Ottawa – The Conference Board of Canada’s Help-Wanted Index rose five points in December 2013. The Index now stands three points higher than a year ago. December’s index gain suggests that there are brighter days ahead for the labour market. Still, employment is expected to grow at only a moderate pace in the coming months. The index suggests that the labour market will add only 12,000 jobs in the first month of 2014.
At the provincial level, all provinces except Manitoba saw their indexes increase in December. Manitoba’s index fell 2.4 points — the seventh monthly decline for the index in 2013. Saskatchewan’s index posted the largest gain, increasing 27.9 points.
British Columbia’s index was up 10.9 points in December, more than offsetting the previous month’s decline. Alberta’s index rose 3.5 points — its fifth consecutive gain.

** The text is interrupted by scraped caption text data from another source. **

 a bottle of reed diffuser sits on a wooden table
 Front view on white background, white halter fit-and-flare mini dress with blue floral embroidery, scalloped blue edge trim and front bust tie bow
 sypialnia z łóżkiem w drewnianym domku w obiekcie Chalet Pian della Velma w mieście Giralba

Central Canada, Ontario’s index increased 6.7 points — its fifth consecutive gain. Employment followed an upward trend in Ontario last year, and the index suggests that the trend will continue in the near term.
Quebec’s index edged up 1.3 points in December — its second consecutive gain.

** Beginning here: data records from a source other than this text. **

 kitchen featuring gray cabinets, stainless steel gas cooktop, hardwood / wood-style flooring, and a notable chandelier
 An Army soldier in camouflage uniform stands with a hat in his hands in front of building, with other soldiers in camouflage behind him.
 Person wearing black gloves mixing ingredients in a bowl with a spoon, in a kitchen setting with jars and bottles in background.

In Atlantic Canada, Prince Edward Island led the way with an index gain of 10.9 points. Nova Scotia’s index increased 3.6 points — its fourth consecutive gain. New Brunswick’s index rose three points, and Newfoundland and Labrador’s index edged up 0.9 points.
Regionally, job prospects were positive in five of the eight cities in Western Canada, in seven of the 11 Ontario census metropolitan areas and two of the five Quebec metropolitan areas, and in all three metropolitan areas in Atlantic Canada. Only two cities, Kitchener-Cambridge-Waterloo and Edmonton, had negative job prospects.